Data shown —
◇ ◇ ◇ ◇

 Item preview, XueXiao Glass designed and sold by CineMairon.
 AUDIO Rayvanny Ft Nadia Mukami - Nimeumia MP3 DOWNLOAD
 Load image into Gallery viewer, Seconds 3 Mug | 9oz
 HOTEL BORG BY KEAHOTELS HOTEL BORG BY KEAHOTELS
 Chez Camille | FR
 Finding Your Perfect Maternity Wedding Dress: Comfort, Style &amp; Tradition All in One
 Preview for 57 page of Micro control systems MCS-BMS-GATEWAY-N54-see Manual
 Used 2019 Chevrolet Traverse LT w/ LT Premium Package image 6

◇ ◇ ◇ ◇

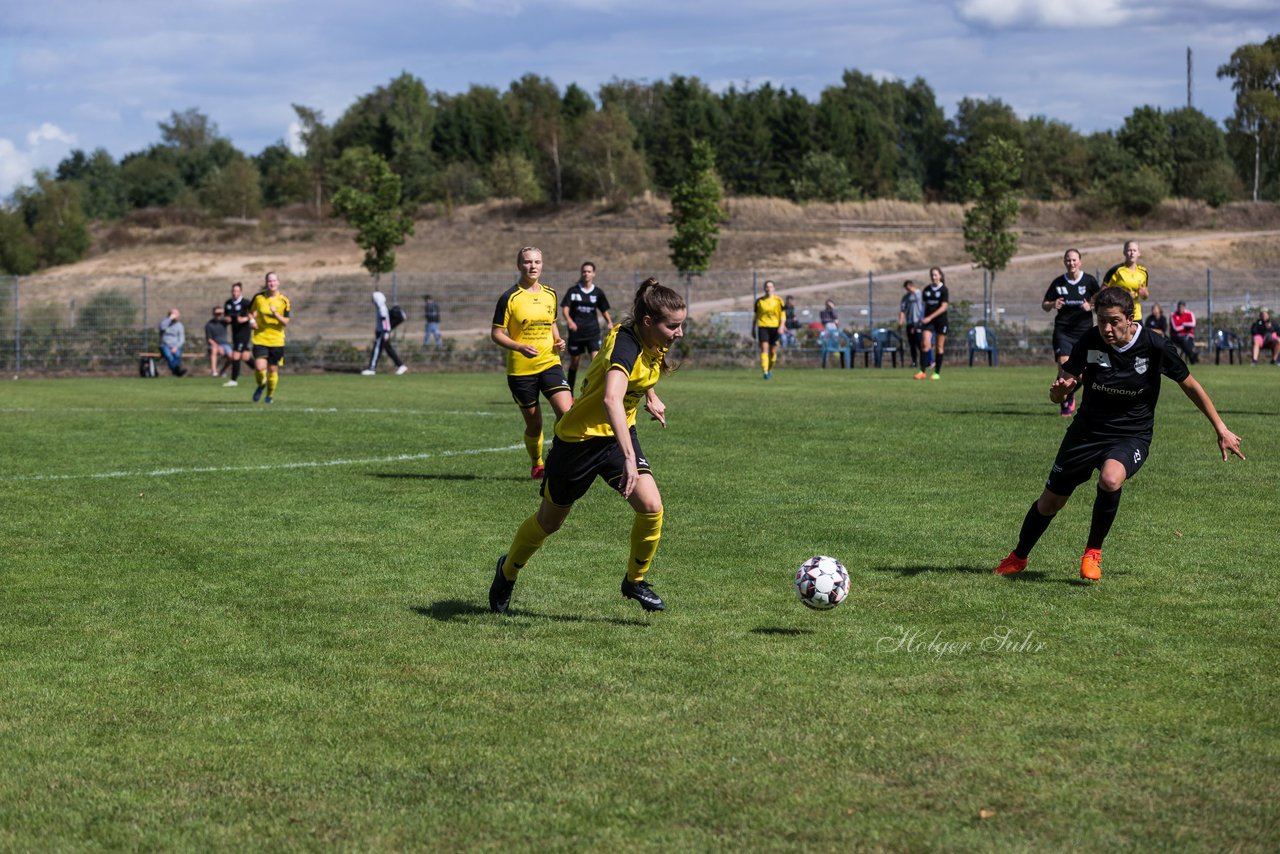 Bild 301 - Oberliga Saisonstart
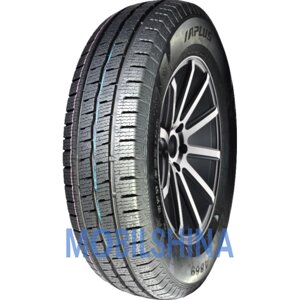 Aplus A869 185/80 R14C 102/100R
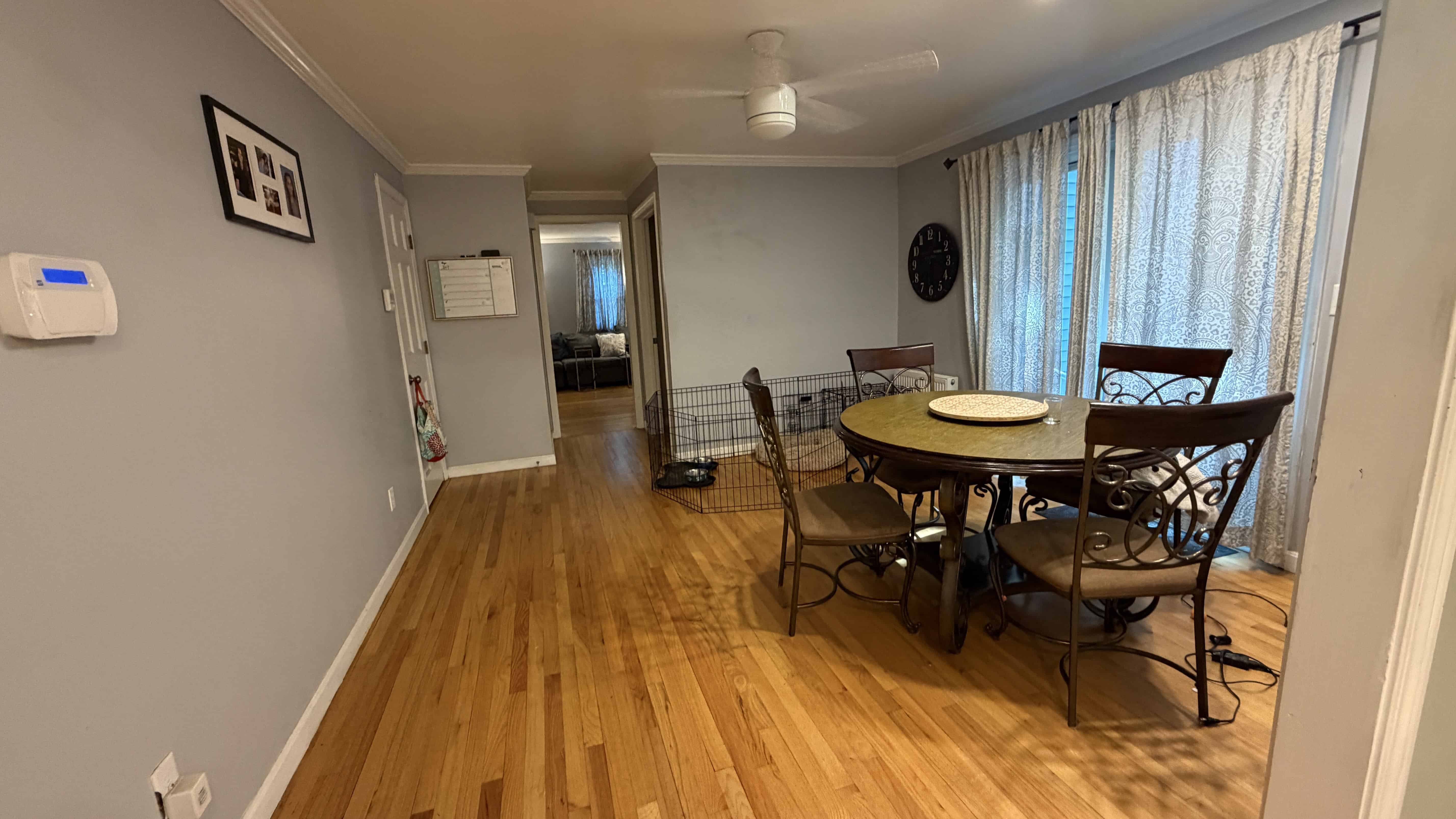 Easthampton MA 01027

◇ ◇ ◇ ◇

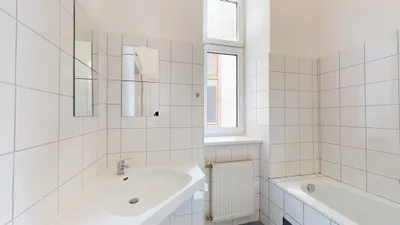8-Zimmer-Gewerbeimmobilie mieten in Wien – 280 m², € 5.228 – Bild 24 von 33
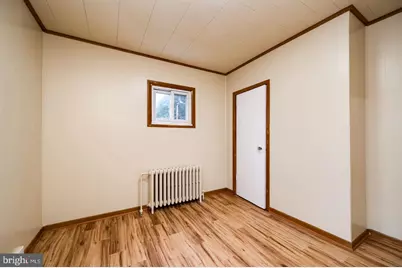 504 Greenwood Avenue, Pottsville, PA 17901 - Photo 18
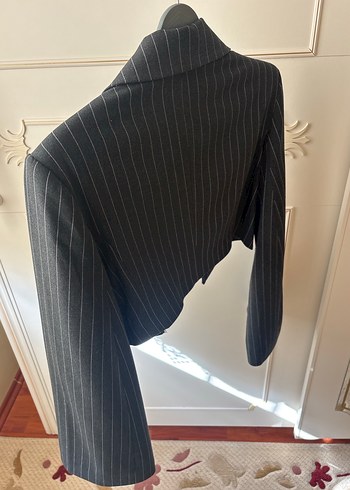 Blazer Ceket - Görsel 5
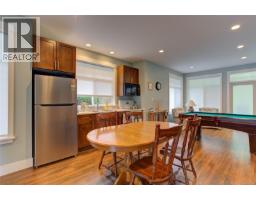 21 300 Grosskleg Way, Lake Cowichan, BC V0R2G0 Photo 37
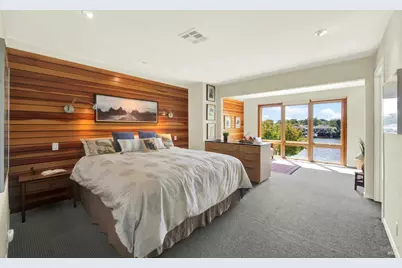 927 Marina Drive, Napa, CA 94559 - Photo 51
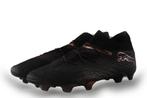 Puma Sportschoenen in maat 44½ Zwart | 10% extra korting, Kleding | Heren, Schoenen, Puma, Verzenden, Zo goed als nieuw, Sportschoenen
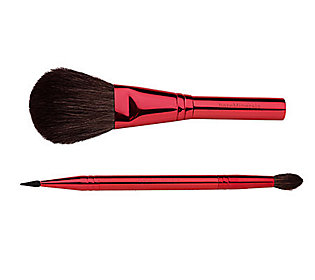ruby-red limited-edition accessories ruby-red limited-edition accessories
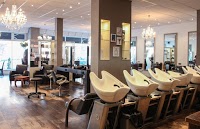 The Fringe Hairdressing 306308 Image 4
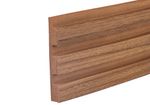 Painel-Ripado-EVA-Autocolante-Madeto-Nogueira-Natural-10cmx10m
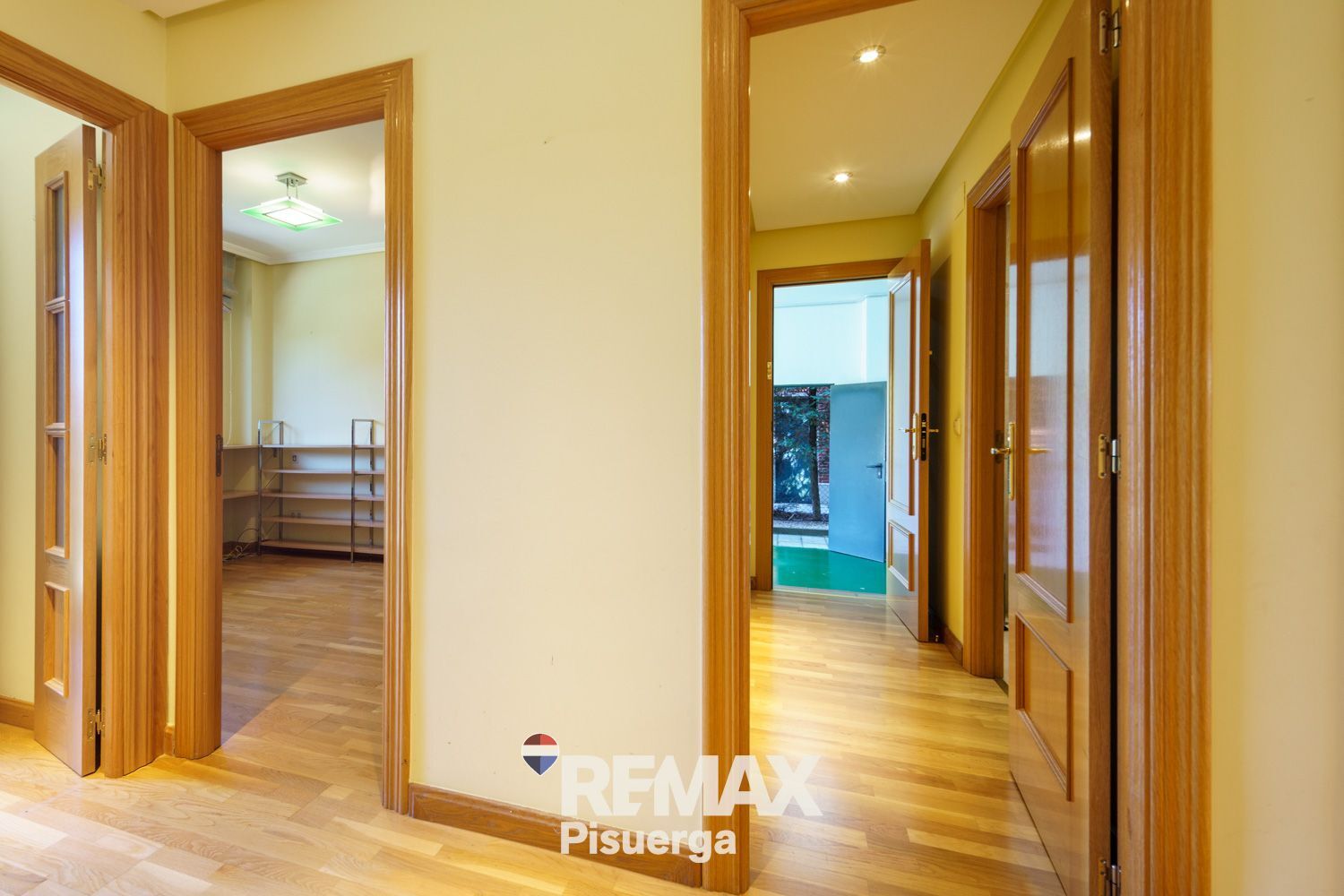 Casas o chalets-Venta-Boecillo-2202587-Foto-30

◇ ◇ ◇ ◇

Work task —
Would you please copy, word for word, everything above from the line containing "Item preview, XueXiao" down to the line containing "Used 2019 Chevrolet", those two lines included?

Exercise solution —
 Item preview, XueXiao Glass designed and sold by CineMairon.
 AUDIO Rayvanny Ft Nadia Mukami - Nimeumia MP3 DOWNLOAD
 Load image into Gallery viewer, Seconds 3 Mug | 9oz
 HOTEL BORG BY KEAHOTELS HOTEL BORG BY KEAHOTELS
 Chez Camille | FR
 Finding Your Perfect Maternity Wedding Dress: Comfort, Style &amp; Tradition All in One
 Preview for 57 page of Micro control systems MCS-BMS-GATEWAY-N54-see Manual
 Used 2019 Chevrolet Traverse LT w/ LT Premium Package image 6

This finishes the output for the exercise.